Former American Institute in Taiwan chairman Richard Bush said in Taipei yesterday that China has played a cooperative and accommodating role in the international system as a whole, but added that there was no guarantee of a benign outcome, as China’s revival is still in its early stages.
“So far, it has seemed that China is a rising power with limited aims and that the cooperative stance can continue for a long time, but remember our theoretical discussion also tell us that China could be a revisionist power, and it’s very skilled at hiding that,” Bush said in a keynote speech at an international academic conference organized by the Association of International Relations of the Republic of China at National Chengchi University.
Addressing the conference’s theme — how the international community should respond to China’s revival and its international impact — Bush said interactions between the world’s major powers and China on specific issues would shape how they view each other’s intentions and fundamental policies.
Bush said that based on his observations of China’s growing power, “it’s hard to conclude that China is acting internationally like a revisionist power, a rising power intent on overturning the system.”
It needs both “time” and a “peaceful international environment” to complete the modernization necessary for China to become a truly great power, Bush said, adding that cross-strait relations may be a “litmus test of what kind of great power China will become.”

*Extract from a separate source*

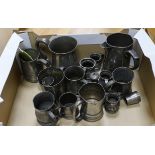 A collection of pewter mugs and measures including, The New Green Man Pub, Watford 1730, The Two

Bush said “there is a growing sense in the US” of China’s threat to Taiwan and the consequences of its increasing military power.
Bush said the US has responded to the situation through an approach he called “dual deterrence,” as the US “warned both Taiwan and China not to take unilateral and destabilizing actions” and at the same time sought to “reassure both countries about their basic intentions.”
“There were times that China thought that perhaps the US and China could work together to manage the Taiwan issue or to control leaders in Taiwan. That was an excessive expectation,” he said.
Bush, currently a senior fellow at the Brookings Institution and director of its Center for Northeast Asian Policy Studies, said “it would be exactly wrong” if China had the intention of challenging the international order.
“It’s also important to remember that we should not overstate how far China has come. We should remember that this is an era of globalization, not one of global geopolitics. Although China’s military power is growing, it is still no match for that of the US,” he said.
Bush said that the growth of Chinese national power is beneficial to the world in some ways.
“But in others, particularly the security area where there is a game of hatching going on,” he said. “Hatching can create problems, although China is not acting like a revisionist power for the moment.”
In the next few years, Bush said the Korean Peninsula issue would be “a severe test” of relations between China and the US as political changes after North Korean leader Kim Jong-il dies will affect the interests of the two countries in different ways.
Bush said the US and China, through interactions over the decades, were learning lessons about each other’s approaches to issues and about their long-term intentions toward each other.
Whether “the rather idealistic vision” formulated by US President Barack Obama that sees the international system prospering as the result of effective cooperation among the major powers, including China, will be realized “remains to be seen,” since “China has a very different approach to power and has reasons to mistrust the US,” he said.